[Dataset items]

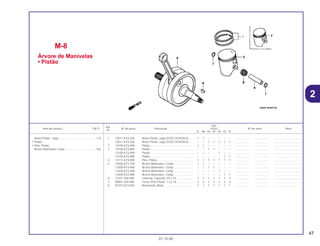 47
01.10.00
Ref.
Qtd.
Item de serviço T.M.O. Nº da peça Descrição CR250 Nº de série Nota
Nº
RL RM RN RP RR RS RT
1 13011-KZ3-305 Anéis Pistão, Jogo (STD) (TEIKOKU)...... 1 1 – – – – – .................. .................. ..................................
13011-KZ3-306 Anéis Pistão, Jogo (STD) (TEIKOKU)...... – – 1 1 1 1 1 .................. .................. ..................................
2 13100-KZ3-000 Pistão ...................................................... 1 1 – – – – – .................. .................. ..................................
3 13100-KZ3-860 Pistão ...................................................... – – 1 1 – – – .................. .................. ..................................
13100-KZ3-690 Pistão ...................................................... – – – – 1 – – .................. .................. ..................................
13100-KZ3-880 Pistão ...................................................... – – – – – 1 1 .................. .................. ..................................
4 13111-KZ3-000 Pino, Pistão ............................................. 1 1 1 1 1 1 1 .................. .................. ..................................
5 13300-KZ3-700 Árvore Manivelas, Comp......................... 1 1 – – – – – .................. .................. ..................................
13300-KZ3-860 Árvore Manivelas, Comp......................... – – 1 1 – – – .................. .................. ..................................
13300-KZ3-690 Árvore Manivelas, Comp......................... – – – – 1 – – .................. .................. ..................................
13300-KZ3-880 Árvore Manivelas, Comp......................... – – – – – 1 1 .................. .................. ..................................
6 13331-360-000 Chaveta, Especial, 25 x 14 ..................... 1 1 1 1 1 1 1 .................. .................. ..................................
7 90601-430-000 Trava, Pino Pistão, 1,2 x 18..................... 2 2 2 2 2 2 2 .................. .................. ..................................
8 91015-KZ3-003 Rolamento, Biela ..................................... 1 1 1 1 1 1 1 .................. .................. ..................................
M-8
Árvore de Manivelas
• Pistão
Anéis Pistão , Jogo................................................1,9
• Pistão
• Pino, Pistão
Árvore Manivelas Comp.......................................*4,8
2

Required work: An exact copy of the lines above, from the one containing "3 13100-KZ3-860 Pistão" through the one containing "7 90601-430-000 Trava, Pino", is the whole of the answer.

Solved problem:
3 13100-KZ3-860 Pistão ...................................................... – – 1 1 – – – .................. .................. ..................................
13100-KZ3-690 Pistão ...................................................... – – – – 1 – – .................. .................. ..................................
13100-KZ3-880 Pistão ...................................................... – – – – – 1 1 .................. .................. ..................................
4 13111-KZ3-000 Pino, Pistão ............................................. 1 1 1 1 1 1 1 .................. .................. ..................................
5 13300-KZ3-700 Árvore Manivelas, Comp......................... 1 1 – – – – – .................. .................. ..................................
13300-KZ3-860 Árvore Manivelas, Comp......................... – – 1 1 – – – .................. .................. ..................................
13300-KZ3-690 Árvore Manivelas, Comp......................... – – – – 1 – – .................. .................. ..................................
13300-KZ3-880 Árvore Manivelas, Comp......................... – – – – – 1 1 .................. .................. ..................................
6 13331-360-000 Chaveta, Especial, 25 x 14 ..................... 1 1 1 1 1 1 1 .................. .................. ..................................
7 90601-430-000 Trava, Pino Pistão, 1,2 x 18..................... 2 2 2 2 2 2 2 .................. .................. ..................................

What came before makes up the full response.